Лучшим другом Мэгги, по крайней мере иностранным, был всё-таки не Рейган. Таковым являлся дон Аугусто Пиночет Угарте из далёкой Чили. Именно к нему проявляла Мэгги максимально доступное ей душевное тепло. Тому были особые причины, о которых ниже.

Интересно, что довольно легко нашла Тэтчер рабочий язык с Дэн Сяопином. Хотя многие считали, что на переговорах о статусе Гонконга «старый гном обыграл железную тётку»: демократическая система в Гонконге ничем не гарантирована, город попал под власть КПК.

Ну и конечно – Михаил Сергеевич. С Горбачёвым железная леди познакомилась в 1984, при его визите в Лондон. Разговорились. А в марте 1985, когда Горбачёв уже пришёл в генсеки – «Живёт она с ним что ли?», – спрашивал подвыпивший ленинградский инженер, известный склонностью подраться на улице.

Как бы то ни было, «Горбачёву можно верить» и «не правда ли, он очарователен» – реальные фразы Мэгги. Она особо отмечала, что генсек освободил всех диссидентов, чьи имена она называла, полемизируя с ним. В 1987 Тэтчер посетила СССР. После переговоров её свели с тремя мэтрами советской журналистики – Томас Колисниченко («Правда»), Владимир Симонов (ПА «Новости»), Борис Калягин (Гостелерадио). Мэгги аккуратно размазала их перед всей аудиторией ЦТ: «Госпожа премьер-министр, вам не кажется, что преимущества социализма…» – «Простите, о каких преимуществах идёт речь?»
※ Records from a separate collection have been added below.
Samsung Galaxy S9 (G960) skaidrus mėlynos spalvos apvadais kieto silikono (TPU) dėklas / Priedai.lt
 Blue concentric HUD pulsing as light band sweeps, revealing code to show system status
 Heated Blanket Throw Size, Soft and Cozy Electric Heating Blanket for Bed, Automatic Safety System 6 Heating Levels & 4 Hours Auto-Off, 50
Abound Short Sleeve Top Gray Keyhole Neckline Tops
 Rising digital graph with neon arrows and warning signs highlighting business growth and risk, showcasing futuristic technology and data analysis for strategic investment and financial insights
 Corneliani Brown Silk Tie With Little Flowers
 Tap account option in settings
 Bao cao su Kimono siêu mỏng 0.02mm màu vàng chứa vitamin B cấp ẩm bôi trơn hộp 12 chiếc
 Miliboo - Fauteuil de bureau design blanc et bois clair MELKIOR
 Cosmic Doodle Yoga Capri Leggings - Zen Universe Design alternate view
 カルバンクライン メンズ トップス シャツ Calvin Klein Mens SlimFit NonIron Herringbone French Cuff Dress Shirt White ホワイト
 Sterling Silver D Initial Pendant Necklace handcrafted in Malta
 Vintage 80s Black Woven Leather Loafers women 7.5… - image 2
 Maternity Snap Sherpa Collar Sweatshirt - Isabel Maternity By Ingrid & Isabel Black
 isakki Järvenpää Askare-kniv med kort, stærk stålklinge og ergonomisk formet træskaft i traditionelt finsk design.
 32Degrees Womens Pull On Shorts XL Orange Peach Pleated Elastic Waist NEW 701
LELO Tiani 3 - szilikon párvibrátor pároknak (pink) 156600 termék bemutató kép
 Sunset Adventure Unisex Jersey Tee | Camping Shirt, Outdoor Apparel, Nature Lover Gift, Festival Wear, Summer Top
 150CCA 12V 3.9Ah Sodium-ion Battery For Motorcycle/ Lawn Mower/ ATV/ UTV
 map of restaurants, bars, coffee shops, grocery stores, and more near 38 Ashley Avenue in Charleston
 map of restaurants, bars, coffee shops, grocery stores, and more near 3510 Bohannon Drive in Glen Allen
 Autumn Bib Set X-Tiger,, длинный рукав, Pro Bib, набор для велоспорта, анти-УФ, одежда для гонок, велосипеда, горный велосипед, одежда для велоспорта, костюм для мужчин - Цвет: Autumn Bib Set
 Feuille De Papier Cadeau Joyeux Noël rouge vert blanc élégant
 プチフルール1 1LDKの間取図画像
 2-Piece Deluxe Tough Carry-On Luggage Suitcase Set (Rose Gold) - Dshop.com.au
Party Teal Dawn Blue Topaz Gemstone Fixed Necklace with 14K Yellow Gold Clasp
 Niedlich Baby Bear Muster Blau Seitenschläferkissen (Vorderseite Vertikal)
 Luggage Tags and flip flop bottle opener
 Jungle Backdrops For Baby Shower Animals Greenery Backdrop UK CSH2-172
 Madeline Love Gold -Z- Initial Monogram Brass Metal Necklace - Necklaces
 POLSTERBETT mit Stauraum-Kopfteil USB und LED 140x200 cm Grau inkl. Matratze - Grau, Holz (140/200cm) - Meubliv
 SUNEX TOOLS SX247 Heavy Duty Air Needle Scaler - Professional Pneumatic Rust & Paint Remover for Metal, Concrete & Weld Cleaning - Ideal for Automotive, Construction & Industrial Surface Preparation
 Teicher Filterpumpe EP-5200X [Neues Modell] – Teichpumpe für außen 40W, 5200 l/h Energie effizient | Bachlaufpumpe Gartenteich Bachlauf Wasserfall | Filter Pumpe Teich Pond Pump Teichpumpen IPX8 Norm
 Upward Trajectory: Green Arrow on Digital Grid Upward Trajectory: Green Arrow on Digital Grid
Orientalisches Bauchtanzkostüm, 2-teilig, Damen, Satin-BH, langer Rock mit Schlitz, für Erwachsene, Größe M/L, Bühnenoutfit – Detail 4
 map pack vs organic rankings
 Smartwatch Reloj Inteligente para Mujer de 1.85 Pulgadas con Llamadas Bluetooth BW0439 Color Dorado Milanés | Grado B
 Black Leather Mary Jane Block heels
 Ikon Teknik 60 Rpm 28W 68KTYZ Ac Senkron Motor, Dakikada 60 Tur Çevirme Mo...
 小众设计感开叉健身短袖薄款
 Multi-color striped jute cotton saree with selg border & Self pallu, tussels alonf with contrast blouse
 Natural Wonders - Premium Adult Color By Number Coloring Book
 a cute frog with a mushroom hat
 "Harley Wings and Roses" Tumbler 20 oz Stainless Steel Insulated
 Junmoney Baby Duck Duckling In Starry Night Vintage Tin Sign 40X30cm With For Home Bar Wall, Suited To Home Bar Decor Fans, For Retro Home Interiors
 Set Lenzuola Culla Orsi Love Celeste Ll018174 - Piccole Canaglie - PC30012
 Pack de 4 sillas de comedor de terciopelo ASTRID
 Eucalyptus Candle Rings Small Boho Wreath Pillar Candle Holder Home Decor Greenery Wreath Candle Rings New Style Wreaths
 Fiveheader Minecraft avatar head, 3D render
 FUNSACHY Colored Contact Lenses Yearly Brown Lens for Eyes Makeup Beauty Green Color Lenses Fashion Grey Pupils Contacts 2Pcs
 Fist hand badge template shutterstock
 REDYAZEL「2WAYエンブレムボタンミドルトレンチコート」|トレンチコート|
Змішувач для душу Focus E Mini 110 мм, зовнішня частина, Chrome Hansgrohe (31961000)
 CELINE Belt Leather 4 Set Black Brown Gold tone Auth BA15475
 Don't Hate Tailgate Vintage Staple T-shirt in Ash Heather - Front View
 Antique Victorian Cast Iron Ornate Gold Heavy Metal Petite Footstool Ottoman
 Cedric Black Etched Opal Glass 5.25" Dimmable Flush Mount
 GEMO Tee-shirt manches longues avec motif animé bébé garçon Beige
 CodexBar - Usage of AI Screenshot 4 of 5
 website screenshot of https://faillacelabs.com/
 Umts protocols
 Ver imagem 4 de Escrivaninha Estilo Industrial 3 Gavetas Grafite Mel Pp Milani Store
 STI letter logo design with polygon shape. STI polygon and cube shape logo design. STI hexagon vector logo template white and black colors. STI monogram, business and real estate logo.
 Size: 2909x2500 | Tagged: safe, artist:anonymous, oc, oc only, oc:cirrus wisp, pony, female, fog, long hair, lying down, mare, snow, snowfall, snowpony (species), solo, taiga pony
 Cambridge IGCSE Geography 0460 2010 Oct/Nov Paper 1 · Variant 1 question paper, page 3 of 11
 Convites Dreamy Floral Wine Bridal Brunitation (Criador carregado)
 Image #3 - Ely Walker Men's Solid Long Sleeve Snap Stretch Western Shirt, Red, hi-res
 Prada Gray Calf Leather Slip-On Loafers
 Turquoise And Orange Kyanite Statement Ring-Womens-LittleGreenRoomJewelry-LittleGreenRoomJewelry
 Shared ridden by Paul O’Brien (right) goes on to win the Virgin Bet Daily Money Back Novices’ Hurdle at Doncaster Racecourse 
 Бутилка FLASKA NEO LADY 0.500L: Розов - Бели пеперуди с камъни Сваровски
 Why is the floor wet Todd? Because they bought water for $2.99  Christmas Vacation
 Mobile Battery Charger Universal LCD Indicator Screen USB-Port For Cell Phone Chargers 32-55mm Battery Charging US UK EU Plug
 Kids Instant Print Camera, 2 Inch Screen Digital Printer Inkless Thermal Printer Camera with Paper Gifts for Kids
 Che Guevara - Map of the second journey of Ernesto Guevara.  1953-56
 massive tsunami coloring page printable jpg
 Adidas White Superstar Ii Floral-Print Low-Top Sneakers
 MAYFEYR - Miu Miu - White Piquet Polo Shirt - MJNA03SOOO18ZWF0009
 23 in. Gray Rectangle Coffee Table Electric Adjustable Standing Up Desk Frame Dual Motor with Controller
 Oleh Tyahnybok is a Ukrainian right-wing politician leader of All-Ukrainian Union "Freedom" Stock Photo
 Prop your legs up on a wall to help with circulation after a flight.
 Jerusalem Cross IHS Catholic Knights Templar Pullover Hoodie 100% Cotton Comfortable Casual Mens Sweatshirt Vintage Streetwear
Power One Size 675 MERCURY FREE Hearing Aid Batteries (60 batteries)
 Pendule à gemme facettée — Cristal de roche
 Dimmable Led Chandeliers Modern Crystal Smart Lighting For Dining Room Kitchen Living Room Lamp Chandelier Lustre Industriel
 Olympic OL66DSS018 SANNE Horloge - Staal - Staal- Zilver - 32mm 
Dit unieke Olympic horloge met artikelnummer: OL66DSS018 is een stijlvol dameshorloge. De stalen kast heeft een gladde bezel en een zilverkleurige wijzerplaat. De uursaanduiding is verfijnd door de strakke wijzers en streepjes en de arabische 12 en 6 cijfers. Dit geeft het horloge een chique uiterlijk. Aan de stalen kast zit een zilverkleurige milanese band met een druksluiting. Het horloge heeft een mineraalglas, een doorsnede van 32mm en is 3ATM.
Её визиты становились событиями и после отставки. Так в 1992 самолёт «с госпожой Тэтчер на борту» совершил краткую посадку в Алма-Ате. Тут же организовали брифинг. «На губах прелестная улыбка, словно ангел свой прервал полёт. А в глазах вопрос, застывший липко: скоро ли заправят самолёт?»

Первая не первая

Большое видится на расстоянии, и даже те, кто 40 лет назад приветствовал избирательный успех Консервативной партии Великобритании, не прозревали наступления новой исторической эпохи. Эпохи массированного контрнаступления капитализма, обновлённого и возрождённого. А также ужесточённого. Последнее многих напрягло. Но многим и понравилось.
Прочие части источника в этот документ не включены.